Organized by Drs. Chris Atchison (U. of Cincinnati) and Steven Whitmeyer (James Madison U.) and graduate students Anita Marshall (U. of South Florida) and Ivan Carabajal (U. of Cincinnati), this was no ordinary geology field trip. Offered by the IAGD based on an NSF-funded GEOPATH project, this event demonstrated the results of a two-year project that tested the effectiveness of audiovisual digital communications system to facilitate on-site access for individuals with physical disabilities. For more information on this innovation, see Thatcher et al (2017) GSA abstract (https://tinyurl.com/IAGDWireless).
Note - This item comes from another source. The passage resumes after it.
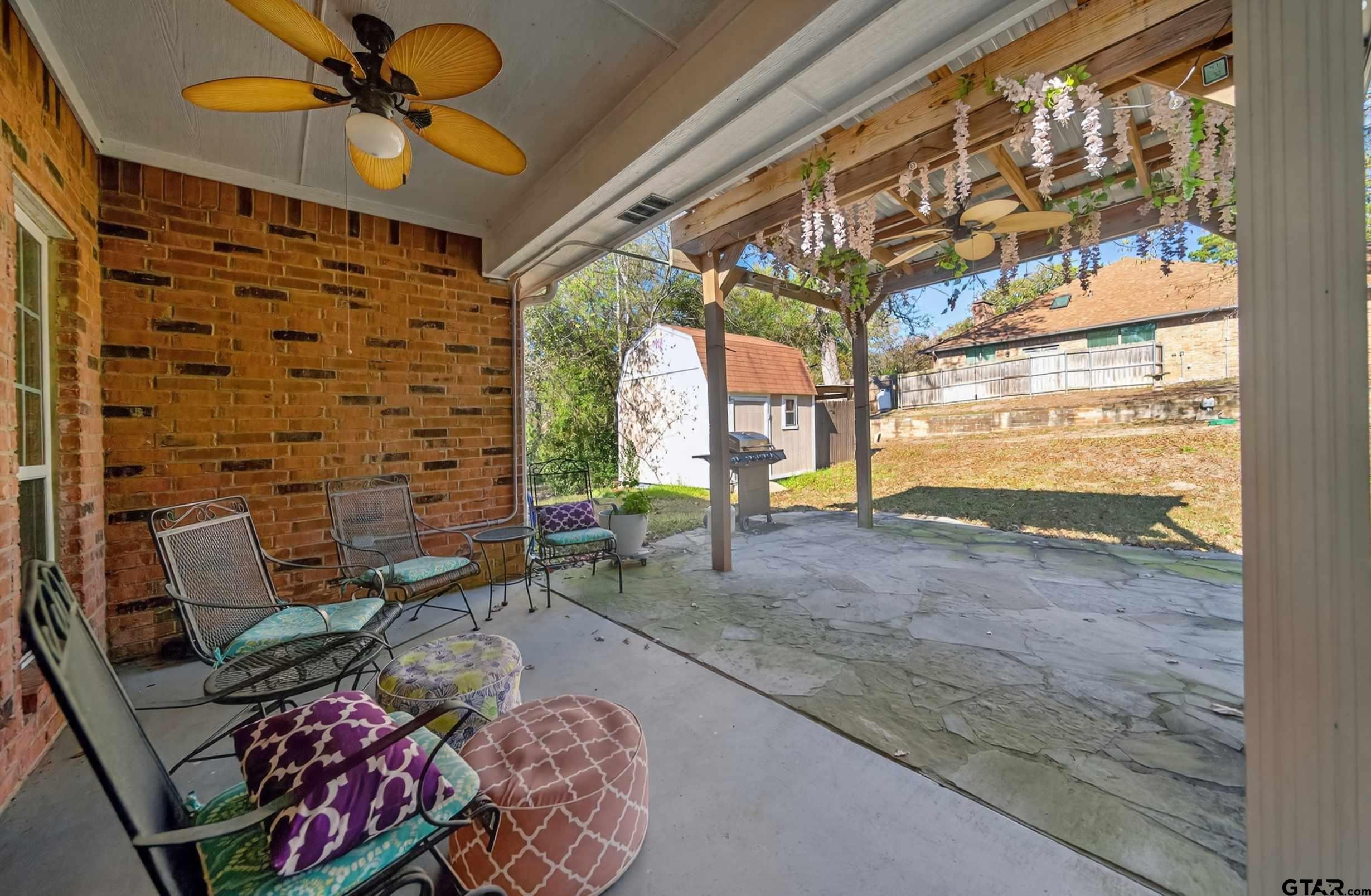 332 Highlander Heights Hideaway, TX 75771 - Photo 35 of 39 a living room with furniture and a floor to ceiling window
At the first stop on this field adventure, participants including yours truly, visited an outcrop along the Spirit Lake Highway opposite the Mt. St. Helens Forest Learning Center. At this outcrop, lava flows and intrusions ancestral to the Mount St. Helens edifice are exposed. Using the GEOPATH-supported communication system, we split into about three working-groups to tackle different aspects of the geology as presented in the outcrop: lithology, field relations and alteration.
After spending time at the outcrop and having excellent discussions about the geology presented at the outcrop, we continued on the Spirit Lake Highway and entered the blast zone where the devastation to the pre-1980 forest was evident, but also the significant degree to which plant life has rebounded 37 years after the eruption. We entered the Mount St. Helens National Volcanic Monument and then made our way to the Coldwater Lake boat launch area where the same GEOPATH-supported communications system was used as we worked to understand via field evidence the sequence of events that lead to landscape changes both during and after the May 18th eruption.
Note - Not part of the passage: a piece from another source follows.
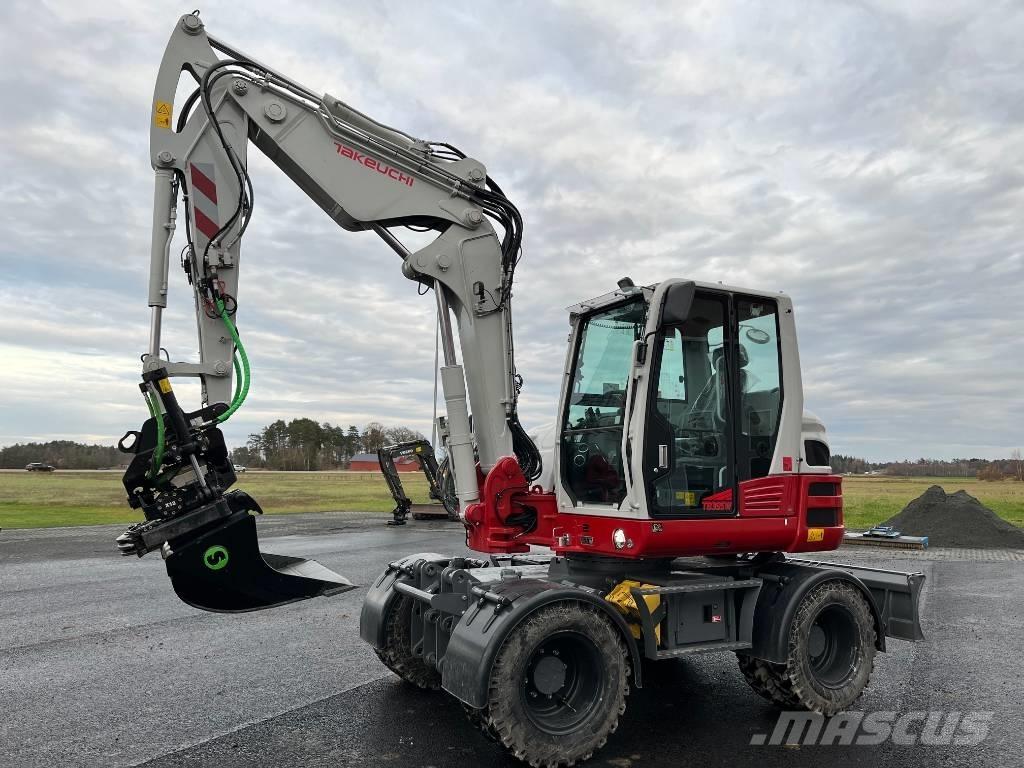 Takeuchi TB 395 W Excavatoare cu roti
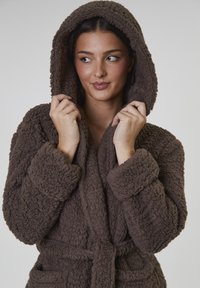 Brun huva som är tillverkad av texturerat, fluffigt material. Har stora manschetter, ett snörbälte och sidofickor. Varm och mysig design.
The final stop on our journey was the Johnston Ridge Observatory, named after David A. Johnston, a USGS geologist who was killed on the ridge that now bears his name 8 km north of the volcano that fateful morning. There, we watched a film in the Observatory auditorium that discussed the events that occurred related to that fateful eruption and debriefed.
Dr. Cole Kingsbury is a post-doctoral scholar in geochemistry at the University of Pretoria, South Africa.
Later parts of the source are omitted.